PROMPT: If a line includes "Foto", copy it out of the entries.

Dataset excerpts
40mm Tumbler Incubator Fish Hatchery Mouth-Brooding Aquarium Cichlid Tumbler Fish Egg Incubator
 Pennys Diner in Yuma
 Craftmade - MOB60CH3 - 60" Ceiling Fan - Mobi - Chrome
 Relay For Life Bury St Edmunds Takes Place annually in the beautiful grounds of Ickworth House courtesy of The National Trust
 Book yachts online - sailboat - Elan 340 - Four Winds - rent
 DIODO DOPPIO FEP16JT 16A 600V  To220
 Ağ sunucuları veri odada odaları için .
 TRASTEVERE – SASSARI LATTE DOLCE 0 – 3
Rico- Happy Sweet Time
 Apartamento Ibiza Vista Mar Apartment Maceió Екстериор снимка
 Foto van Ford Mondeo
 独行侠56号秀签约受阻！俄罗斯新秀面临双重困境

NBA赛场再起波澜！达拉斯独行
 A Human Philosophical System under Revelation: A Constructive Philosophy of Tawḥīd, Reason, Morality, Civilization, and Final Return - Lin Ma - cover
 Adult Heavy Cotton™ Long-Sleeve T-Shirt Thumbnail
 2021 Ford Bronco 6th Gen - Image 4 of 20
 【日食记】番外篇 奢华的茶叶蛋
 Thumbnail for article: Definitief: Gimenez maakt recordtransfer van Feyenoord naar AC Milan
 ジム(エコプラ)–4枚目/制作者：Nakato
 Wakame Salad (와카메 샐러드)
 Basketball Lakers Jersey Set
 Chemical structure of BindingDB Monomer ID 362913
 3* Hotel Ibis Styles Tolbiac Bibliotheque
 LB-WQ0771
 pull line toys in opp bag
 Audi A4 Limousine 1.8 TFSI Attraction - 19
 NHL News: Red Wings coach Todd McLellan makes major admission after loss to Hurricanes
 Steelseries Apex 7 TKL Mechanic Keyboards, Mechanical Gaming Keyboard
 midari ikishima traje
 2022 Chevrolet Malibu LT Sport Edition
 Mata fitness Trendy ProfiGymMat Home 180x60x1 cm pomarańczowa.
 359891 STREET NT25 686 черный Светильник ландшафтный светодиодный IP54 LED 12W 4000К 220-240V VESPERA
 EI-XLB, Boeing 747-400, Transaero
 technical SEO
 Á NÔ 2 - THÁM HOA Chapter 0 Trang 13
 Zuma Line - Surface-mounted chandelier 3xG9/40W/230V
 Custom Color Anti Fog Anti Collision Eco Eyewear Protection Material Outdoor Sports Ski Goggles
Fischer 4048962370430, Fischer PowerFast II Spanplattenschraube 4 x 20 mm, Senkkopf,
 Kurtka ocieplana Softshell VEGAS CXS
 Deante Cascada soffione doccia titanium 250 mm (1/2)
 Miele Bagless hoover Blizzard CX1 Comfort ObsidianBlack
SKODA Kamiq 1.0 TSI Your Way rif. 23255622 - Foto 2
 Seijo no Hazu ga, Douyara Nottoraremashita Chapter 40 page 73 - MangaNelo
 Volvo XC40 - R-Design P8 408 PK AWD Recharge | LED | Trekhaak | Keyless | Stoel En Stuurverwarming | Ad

ANSWER TO THIS EXERCISE:
 Foto van Ford Mondeo
SKODA Kamiq 1.0 TSI Your Way rif. 23255622 - Foto 2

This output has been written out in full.